Sie gibt alles für ein Solo

ROCK Sissi Staffa tritt am Freitag bei der Deutschen Luftgitarren-Meisterschaft an. Als einzige Frau

Die Gitarristin: Sissi Staffa, 24, Verkäuferin, kommt aus Brandenburg, lebt in Berlin. Bisher nie bei Luftgitarrenmeisterschaften.

Deutsche Meisterschaft: Am 10. Juli im „Lido“ in Berlin, veranstaltet von der „German Air Guitar Federation“. In der ersten Runde dürfen die KandidatInnen zu einem Stück ihrer Wahl vorspielen, in Runde zwei, der Pflicht, bekommen sie ein Stück vorgesetzt, das sie frei interpretieren müssen. Das Instrument – akustische oder E-Gitarre – muss aus Luft bestehen.

Weltmeisterschaft: Am 21. August 2009 in Oulu, Finnland. Das erklärte Ziel der WM ist der Weltfriede, der erreicht wird, wenn alle Menschen auf der ganzen Welt gemeinsam Luftgitarre spielen. Motto: „Keep On Rockin’ In The Free World“.

VON KIRSTEN KÜPPERS

Vor einem Monat bestellte Sissi Staffa bei einem Erotikversand eine hautfarbene Ganzkörperstrumpfhose. Die Strumpfhose sollte alles auf die Spitze treiben. Sie hätte Staffas Auftritt bei der Deutschen Luftgitarren-Meisterschaft, die am Freitag in Berlin stattfinden wird, einen Witz oben drauf gesetzt. Aber irgendwo muss Schluss sein.

Staffa ist eine junge Frau, 24 Jahre alt, ein bisschen dicklich vielleicht, die dunklen Haare trägt sie kurz geschnitten. Tagsüber arbeitet sie als Verkäuferin. Ansonsten wohnt sie in einer billigen und dämmerigen Parterre-Wohnung in Berlin-Friedrichshain. Aber an diesem besonderen Freitagabend wird Staffa unter ihrem Künstlernamen „Sissi Saussage“ auf die Bühne rauschen, um ihre Luftgitarre zu schwingen. Und – so ging zumindest der Strumpfhosenplan – kostümiert sollte sie auch sein, wie eine blasse Bockwurst.

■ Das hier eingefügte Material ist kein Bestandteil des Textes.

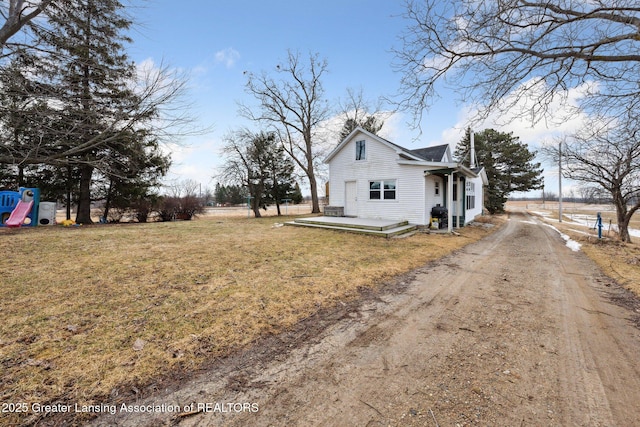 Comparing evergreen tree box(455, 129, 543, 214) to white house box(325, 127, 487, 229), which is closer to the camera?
white house box(325, 127, 487, 229)

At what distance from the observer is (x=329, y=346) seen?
2.80m

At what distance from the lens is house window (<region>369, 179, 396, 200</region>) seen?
13164mm

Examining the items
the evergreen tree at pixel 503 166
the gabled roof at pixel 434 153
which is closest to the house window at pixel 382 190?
the gabled roof at pixel 434 153

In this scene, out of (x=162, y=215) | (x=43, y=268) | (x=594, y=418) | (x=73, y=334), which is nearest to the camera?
(x=594, y=418)

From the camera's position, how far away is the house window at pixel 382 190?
13.2 m

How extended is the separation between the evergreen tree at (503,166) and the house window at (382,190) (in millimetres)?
20600

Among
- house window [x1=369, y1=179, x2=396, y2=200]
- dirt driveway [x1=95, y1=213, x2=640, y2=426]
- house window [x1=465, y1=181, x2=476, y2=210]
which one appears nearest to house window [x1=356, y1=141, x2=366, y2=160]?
house window [x1=369, y1=179, x2=396, y2=200]

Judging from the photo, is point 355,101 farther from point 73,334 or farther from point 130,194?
point 73,334

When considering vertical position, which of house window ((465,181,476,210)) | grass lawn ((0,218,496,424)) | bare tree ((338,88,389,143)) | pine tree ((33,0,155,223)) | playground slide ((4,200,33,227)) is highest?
bare tree ((338,88,389,143))

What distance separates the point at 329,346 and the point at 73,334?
2774 millimetres

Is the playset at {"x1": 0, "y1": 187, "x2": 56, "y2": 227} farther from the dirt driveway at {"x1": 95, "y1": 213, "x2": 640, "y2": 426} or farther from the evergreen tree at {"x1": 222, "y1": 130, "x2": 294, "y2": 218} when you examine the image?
the dirt driveway at {"x1": 95, "y1": 213, "x2": 640, "y2": 426}

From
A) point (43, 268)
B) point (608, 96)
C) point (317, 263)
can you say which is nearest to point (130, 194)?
point (43, 268)

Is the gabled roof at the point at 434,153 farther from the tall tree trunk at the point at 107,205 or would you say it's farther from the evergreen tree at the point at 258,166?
the tall tree trunk at the point at 107,205

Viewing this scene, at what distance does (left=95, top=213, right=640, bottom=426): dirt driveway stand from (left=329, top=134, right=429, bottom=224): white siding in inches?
332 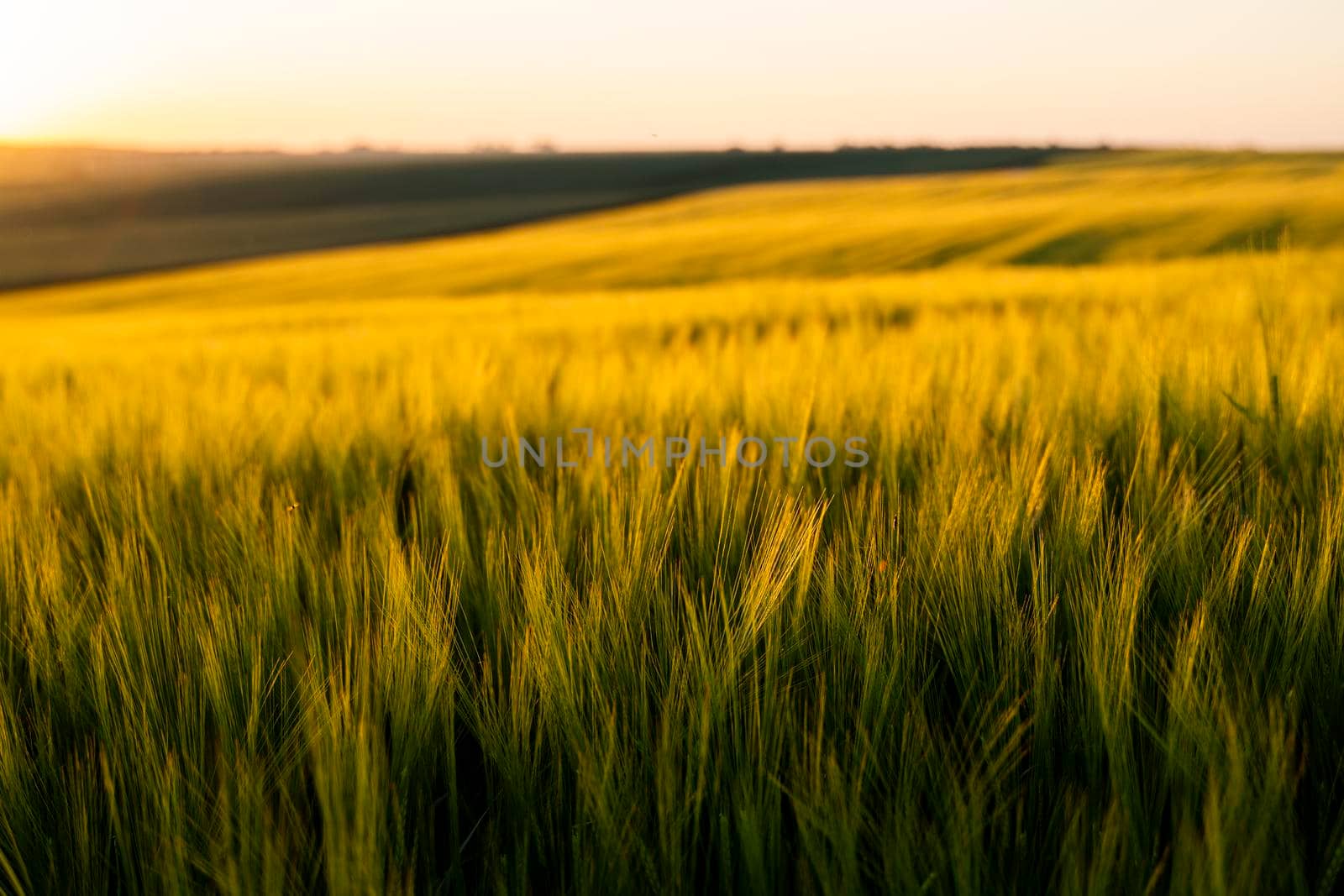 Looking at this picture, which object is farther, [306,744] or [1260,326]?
[1260,326]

Eine ziemliche Show wäre das geworden, ruft Staffa, haut mit der flachen Hand auf den Tisch und lacht laut und breit – so, dass die Porzellanfigürchen im Regal zu zittern scheinen.

Man kann überhaupt sagen, dass es eine Diskrepanz gibt zwischen Sissi Staffas großformatigen Auftreten als heitere Person und der niedlichen Anmut ihrer wohnlichen Umgebung. Das Zimmer ist sehr schmal, sehr ordentlich und sehr eingerichtet mit Ikea-Möbeln. Es gibt eine Blümchentapete und rosa Ballettschuhe an der Wand, Stoffblumen im Regal und Cola Light im Kühlschrank. Die Strumpfhose vom Erotikversand hängt schlaff an einem Haken neben dem Herd. Was wurde nun eigentlich aus dem Plan, sie anzuziehen?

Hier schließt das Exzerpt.